ROC curves are popularly used as performance metric for classification tasks. If the images in your dataset has class labels, then you can employ supervised learning to train a classifier (SVM for example). The dataset is split into training and testing and predicted class score from the classifier for images in the test set are compared to ground truth labels. The ROC curve is acquired by applying a threshold value to the classifier predicted score and obtaining a (TP,FP) value for each threshold to generate the curve.
SIFT and SURF are detectors and image local-patch descriptors (you can also use these without the detector in what is now more successful approach called 'dense sampling' where the keypoints are uniformly sampled in the image).

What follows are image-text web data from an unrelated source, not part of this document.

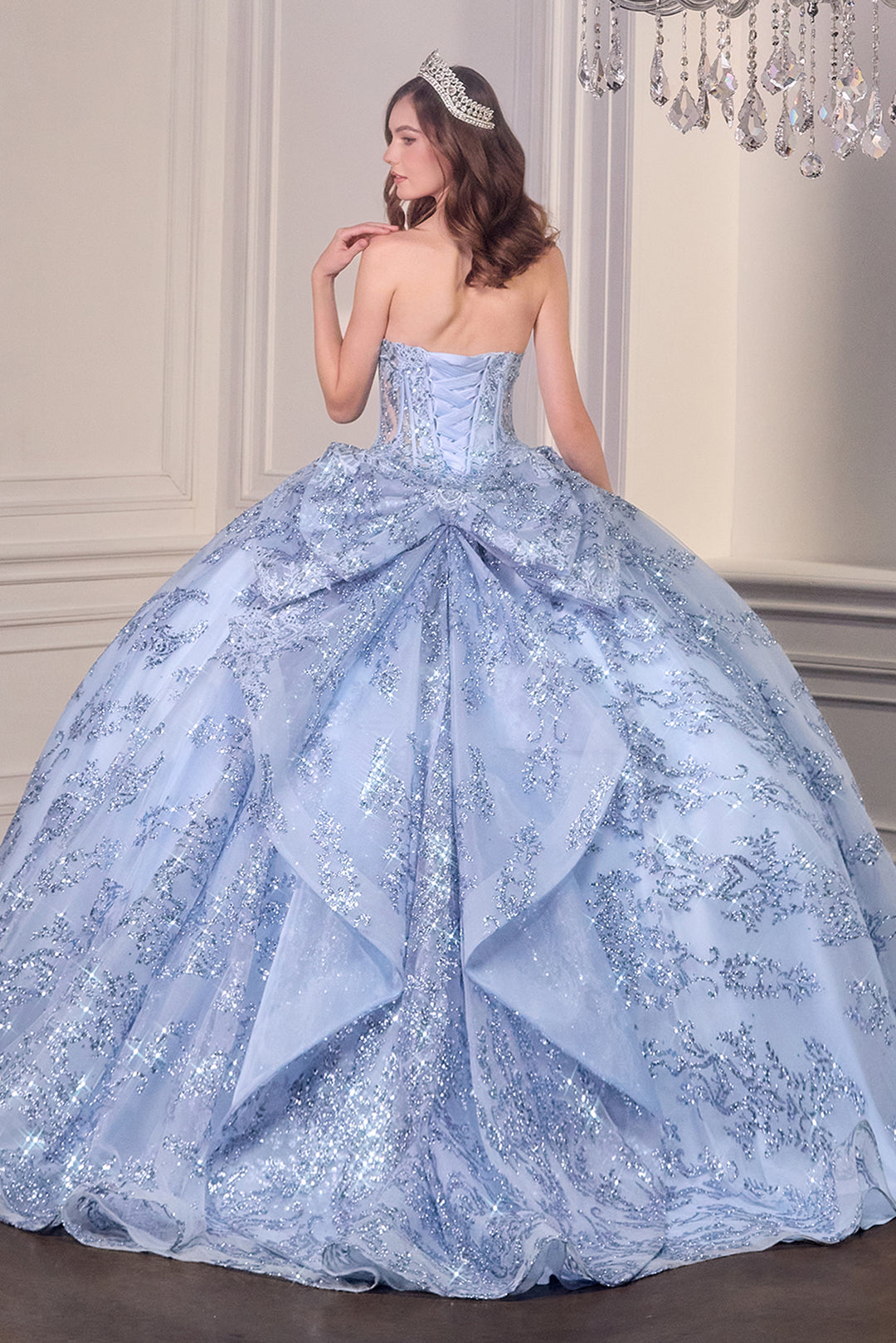 Applique Strapless Bow Ball Gown by Ladivine 15732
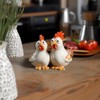 Bicuzat Ceramic Hen and Rooster Salt & Pepper Shakers Set,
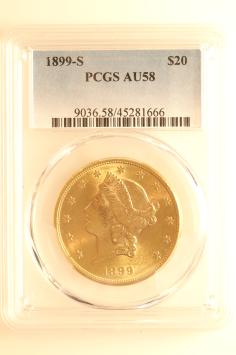 USA 20 dollars 1899s PCGS AU58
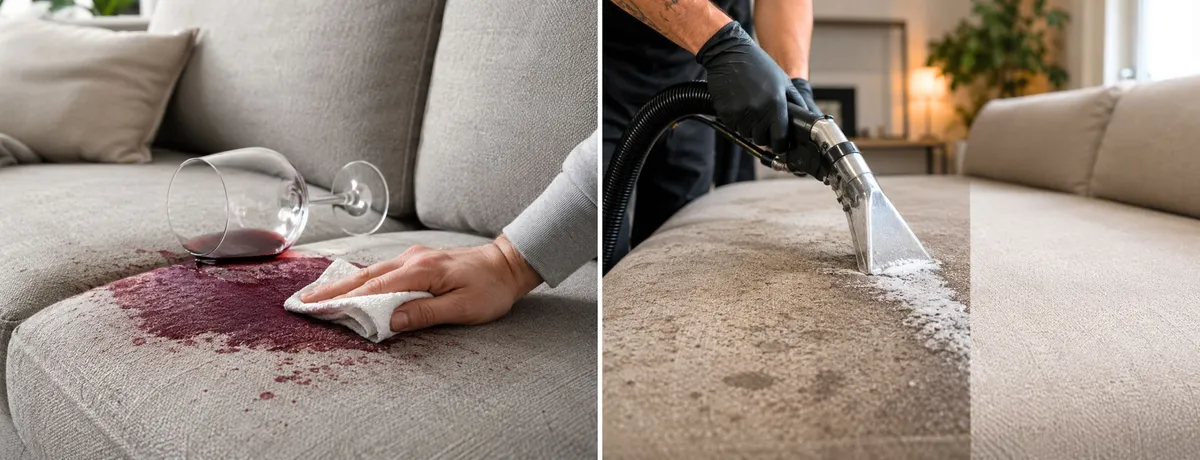 Mr. Cleaner Ratgeberblog: Professionelle Polsterreinigung mit Sprühextraktionsgerät auf Stoffsofa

There are several approaches, but the most popular and recommended for first use is the 'Bag-of-Words' (BoW) model based approach. The reason is that: each image has one label (ignoring multi-class and multi-label scenario for now) and several hundred keypoints and each keypoint has an associated high-dimensional feature vector. The feature for an image at this stage is a matrix and we would like a vector (a point in feature space for each image with its label). The BoW approach does just this job for us.
All the feature vectors for every image in the training set are collated and clustered (ignoring labels and location data) to compute a 'dictionary', using unsupervised learning. The dictionary is a set of cluster centroids, most commonly computed using k-means clustering. The dictionary follows data compression scheme to succinctly represent the data distribution.
Subsequently, each image is 'encoded' using its keypoints and the computed dictionary. Using vector quantization VQ, each keypoint is associated with a dictionary element to compute a occurrence histogram of keypoint associations. The consequence is that each image now has a feature vector which is the normalized occurrence histogram of keypoints assigned to dictionary elements. The dimensionality of this encoded feature vector is the size of the dictionary.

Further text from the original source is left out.